— RECORDS PROVIDED —
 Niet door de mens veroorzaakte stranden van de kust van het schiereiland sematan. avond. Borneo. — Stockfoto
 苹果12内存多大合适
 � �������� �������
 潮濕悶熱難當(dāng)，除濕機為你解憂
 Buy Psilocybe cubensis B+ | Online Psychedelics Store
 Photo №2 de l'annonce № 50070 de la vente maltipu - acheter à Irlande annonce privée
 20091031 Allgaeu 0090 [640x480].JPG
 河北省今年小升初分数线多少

* * *

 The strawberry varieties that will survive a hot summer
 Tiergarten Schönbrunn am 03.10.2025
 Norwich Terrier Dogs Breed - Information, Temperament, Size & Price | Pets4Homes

— WORK TO COMPLETE —
Everything starting at the line containing "Tiergarten Schönbrunn am 03.10.2025" and ending at the line containing "Norwich Terrier Dogs" in the records above should be repeated exactly, and only that.

— ANSWER TO THIS TASK —
 Tiergarten Schönbrunn am 03.10.2025
 Norwich Terrier Dogs Breed - Information, Temperament, Size & Price | Pets4Homes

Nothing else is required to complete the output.